On point 1 above I will simply restate this follows the DWP guidance given to councils in the HB Circular A4 of 2012 and remind that it also says at paragraph 20 that the landlord was under no compulsion whatsoever to provide anything to the council.  Yet landlords unilaterally provided DATA to the councils.

(Data needs to be processed before it becomes information and councils did NOT process that data)

On point 2 the councils CHOSE to accept the landlords view as this judgment states yet note well the councils could have chosen NOT to accept the landlords view which meant they would have to process that data for it to become meaningful information.  The decisions were taken and could ONLY be taken by councils who are the sole decision makers and act as agents of the DWP in administering HB regulations of which the bedroom tax is a part.

Councils were placed in a huge predicament by central government with the bedroom tax.  660,000 additional cases to decide and they SHOULD have decided them as all benefit decisions should be decided – on the facts of the matter.  Yet this would have meant council officers measuring room sizes and checking room usage and room purpose which this judgment rules are relevant factors and principle factors.  They are matters of FACT in simple terms.

However to do such checks would have cost a fortune to each local council and so each council chose to take the landlords view for cost saving factors and this is the problem I have always had with the decision-making process taken and why it is a farce and ripe for legal challenge.

What this resulted in was 660,000 bedroom tax decisions taken on a cheapest-route-possible-and-lets-hope-they-are-right basis by every council.  They were not taken on the FACTS of each case when they should have been taken this way. That is why the decision-making process for all 660,000 bedroom tax decisions has always been ripe for legal challenge and in appeal terms legitimate cause.

The Fife judgment strongly infers and reveals that each case needs to be judged on the facts of the matter of each individual case.  It also states that the decision needs to be based on the facts at the time the decision was taken and that room usage and purpose is important.  These are the 3 principal elements of Prout v Hunter a long established housing law precedent from 1924 and part of the Rent Acts in my lay view (and if anyone has an electronic copy of this judgement can I have a copy please!!)

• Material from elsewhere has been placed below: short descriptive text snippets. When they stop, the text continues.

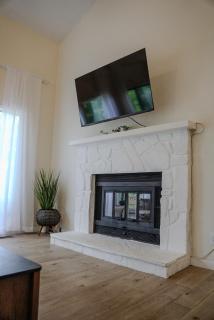 Rosewood Loft Upper Suite - 6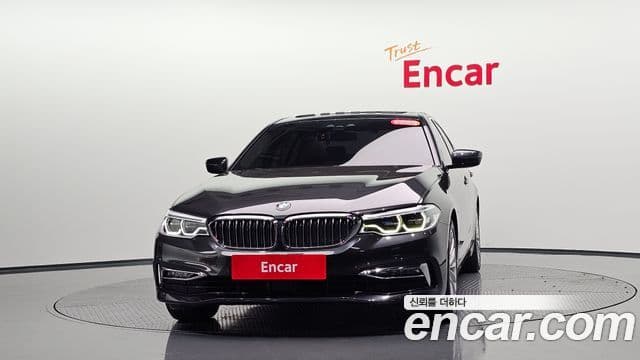 Seria 5 520d xDrive Luxury Plus
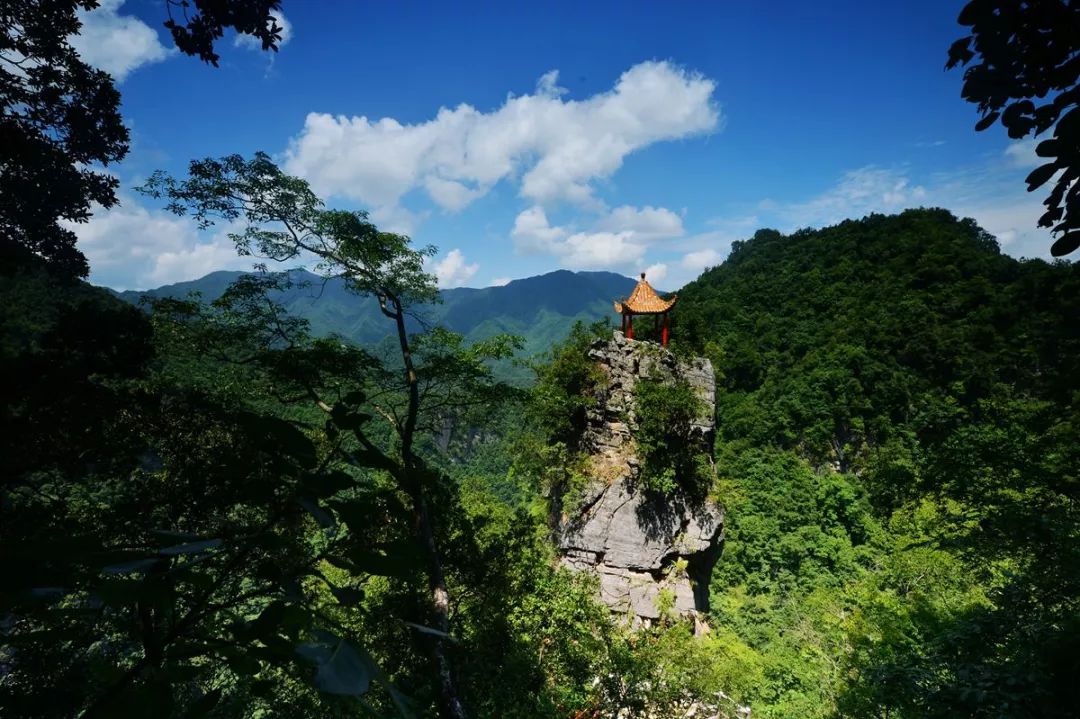 "中国旅游日 神往岩屋沟" 房县徒步登山活动等你来参加!__凤凰网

In practical terms the ONLY way for a bedroom tax affected tenant to have his or her own case judged on the individual facts of the matter IS to appeal.  That is wrong and frankly saddens me yet it remains valid.  If the tenant appeals the tenant gets what they should have done and have a right to expect in the first place.  If the tenant doesn’t appeal then they get shafted by the farce of a decision-making process every council undertook in the bedroom tax.

That bloody stinks and always has!  I can see why councils CHOSE to take this lowest cost option yet it most certainly does not excuse this outrageous decision-making process which places some of the poorest families into deeper poverty. As far as I can discover local councils were given no more money or resources by central government to make these additional 660,000 decisions either, yet that is at best explanation but still not excuse.  The bedroom tax decision-making process which local councils were forced to take out of financial necessity at the behest of and following the woeful guidance of the DWP was morally reprehensible.

However in practical terms it is ripe for legal challenge as the final decisions were based on assumption and NOT on facts.  Every single one of the 660,000 households affected has a legal right of appeal and they all should as it is the only way to get their case dealt with correctly.

Before the Fife judgment this route of legitimate appeal, this door was ajar. Now a stampede of horses has bolted through that door!

So for me, every bedroom tax case has legitimate cause and a legitimate ground of appeal as to the farcical and outrageous decision-making process adopted by all councils.

The Fife judgment also allowed and upheld and brings into play for every appeal whether they have been started yet or not what a room is used for and what size a room is and what shape a room is an what the usable floor space of a room is and also the substantive use a room has been put to as being relevant to each individual case.

A simpler way to say that is every council should have asked for the size of each room claimed to be a bedroom and what purpose it was used for and other details BEFORE they took the decision to impose the bedroom tax.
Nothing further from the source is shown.